1. Avoids talking to you about a particular subject. Ex. Shuts the phone off, Leaves the room, leaves the city, leaves the country.

2. Makes plans around you if sensing you'll bring up a topic. Ex. "I'd love to talk to you about your new work-from-home-plan, but I have a board meeting. Can it wait?" Or, "I'd love to talk about our relationship, but I'm really busy at work right now. Can we talk about it later?" (But, guess what? "later" never comes).

3. Gets hostile and brings up your weaknesses when you DO try for openly communicate assertively. Ex. "I see what you're saying, but you always ________."

4. Doesn't answer your phone/e-mail/page/memo until much later. Then when quizzed about this, responds, "I was busy."

5. Changes the subject when at all possible (also known as non-sequitor) or reverts to number #2. Ex. "I know you would like a raise, but have you seen the material Quality Control has put out lately?" OR, YOU: "So where do you see our relationship going these days?" HIM: "Clint Eastwood has a Clint-fest on at AMC."

6. Uses defensiveness to thwart any discussion at all. Ex. "Can't you see I have a migrane now? I absolutely cannot talk." or "My job is VERY important and/or dangerous (or substitute "and has a big merger"), so you KNOW I CANNOT talk right now." Or finally, "If you KNEW how many calls we were getting in Customer Service, you wouldn't be asking such questions right now."

7. Uses everybody's favorite "Get out of hot water" line of all time: "I'd like to get into that, but I'm REALLY BUSY these days.

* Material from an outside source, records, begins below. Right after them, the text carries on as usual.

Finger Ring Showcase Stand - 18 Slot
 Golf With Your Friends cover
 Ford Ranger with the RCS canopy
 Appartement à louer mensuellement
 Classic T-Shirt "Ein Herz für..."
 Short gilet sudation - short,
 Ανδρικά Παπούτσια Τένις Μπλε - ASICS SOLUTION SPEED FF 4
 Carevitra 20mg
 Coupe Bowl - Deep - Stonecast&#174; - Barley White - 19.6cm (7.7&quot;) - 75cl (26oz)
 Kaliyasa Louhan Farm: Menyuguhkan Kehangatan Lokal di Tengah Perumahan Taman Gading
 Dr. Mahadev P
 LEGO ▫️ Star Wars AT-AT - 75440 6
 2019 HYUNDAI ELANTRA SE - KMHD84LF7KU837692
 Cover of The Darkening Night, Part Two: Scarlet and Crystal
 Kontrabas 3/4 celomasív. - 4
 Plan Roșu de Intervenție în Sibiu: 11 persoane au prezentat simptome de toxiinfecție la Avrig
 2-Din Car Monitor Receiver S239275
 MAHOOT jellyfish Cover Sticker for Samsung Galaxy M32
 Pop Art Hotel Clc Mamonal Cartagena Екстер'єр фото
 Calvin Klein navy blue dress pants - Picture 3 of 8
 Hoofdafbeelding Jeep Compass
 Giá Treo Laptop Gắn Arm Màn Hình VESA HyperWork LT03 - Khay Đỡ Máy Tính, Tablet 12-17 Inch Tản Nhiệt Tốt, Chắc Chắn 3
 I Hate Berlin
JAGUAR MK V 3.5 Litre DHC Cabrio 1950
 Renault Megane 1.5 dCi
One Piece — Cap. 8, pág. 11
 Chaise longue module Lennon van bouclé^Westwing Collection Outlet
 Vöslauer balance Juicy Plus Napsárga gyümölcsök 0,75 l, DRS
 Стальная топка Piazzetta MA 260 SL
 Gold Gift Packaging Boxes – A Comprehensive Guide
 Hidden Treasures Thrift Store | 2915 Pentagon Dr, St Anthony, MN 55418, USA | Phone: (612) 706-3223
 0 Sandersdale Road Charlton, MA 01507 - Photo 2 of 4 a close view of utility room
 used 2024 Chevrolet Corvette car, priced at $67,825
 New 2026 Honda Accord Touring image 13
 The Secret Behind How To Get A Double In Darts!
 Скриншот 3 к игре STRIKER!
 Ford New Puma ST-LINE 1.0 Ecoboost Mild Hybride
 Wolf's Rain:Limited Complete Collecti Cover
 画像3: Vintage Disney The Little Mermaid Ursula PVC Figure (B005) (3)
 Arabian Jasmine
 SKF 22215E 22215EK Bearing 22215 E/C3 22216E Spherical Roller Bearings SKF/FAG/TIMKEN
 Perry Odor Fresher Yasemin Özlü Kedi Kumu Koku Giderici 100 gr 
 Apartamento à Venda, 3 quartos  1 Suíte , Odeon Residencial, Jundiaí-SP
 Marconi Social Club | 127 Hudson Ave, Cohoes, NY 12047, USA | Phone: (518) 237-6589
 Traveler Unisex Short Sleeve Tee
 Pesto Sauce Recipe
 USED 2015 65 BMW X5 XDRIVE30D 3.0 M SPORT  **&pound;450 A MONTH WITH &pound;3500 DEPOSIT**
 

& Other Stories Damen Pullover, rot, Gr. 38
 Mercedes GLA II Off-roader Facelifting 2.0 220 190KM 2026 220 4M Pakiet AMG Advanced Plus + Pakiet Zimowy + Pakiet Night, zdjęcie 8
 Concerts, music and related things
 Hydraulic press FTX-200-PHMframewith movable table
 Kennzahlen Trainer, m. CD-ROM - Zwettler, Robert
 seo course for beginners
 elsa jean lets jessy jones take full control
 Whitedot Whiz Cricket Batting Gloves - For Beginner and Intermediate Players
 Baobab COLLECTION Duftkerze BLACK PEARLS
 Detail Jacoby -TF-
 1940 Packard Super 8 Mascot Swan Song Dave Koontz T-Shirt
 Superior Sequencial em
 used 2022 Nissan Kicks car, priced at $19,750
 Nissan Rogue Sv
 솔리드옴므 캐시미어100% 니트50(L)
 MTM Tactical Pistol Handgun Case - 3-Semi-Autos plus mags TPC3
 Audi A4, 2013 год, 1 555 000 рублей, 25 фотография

It's great, isn't it? Got any to add?

1 comment:

t said...

I would separate this out between women and men. Remember that not all people are writers. A small grunt from someone might be the best they've got to offer.

Look at my sister, for example, who never sends an email longer than 2 sentences. Her husband's the same way; his sister once sent him a long email wanting to repair their relationship and he responded with one sentence and she cut off the relationship based on that fact. Because non-communication is also communication.

It can mean: I have other priorities right now. Or, if full time work does stress someone out, the last thing they want to do on their down time is have to deal with communicating. Sometimes I just turn off my phone and PC, and sit out on my front porch to read and chill and drink a martini.

I am a total phone phobe. I loathe talking on the phone, so the only time I would probably use it is to firm up plans quickly or to dial 911.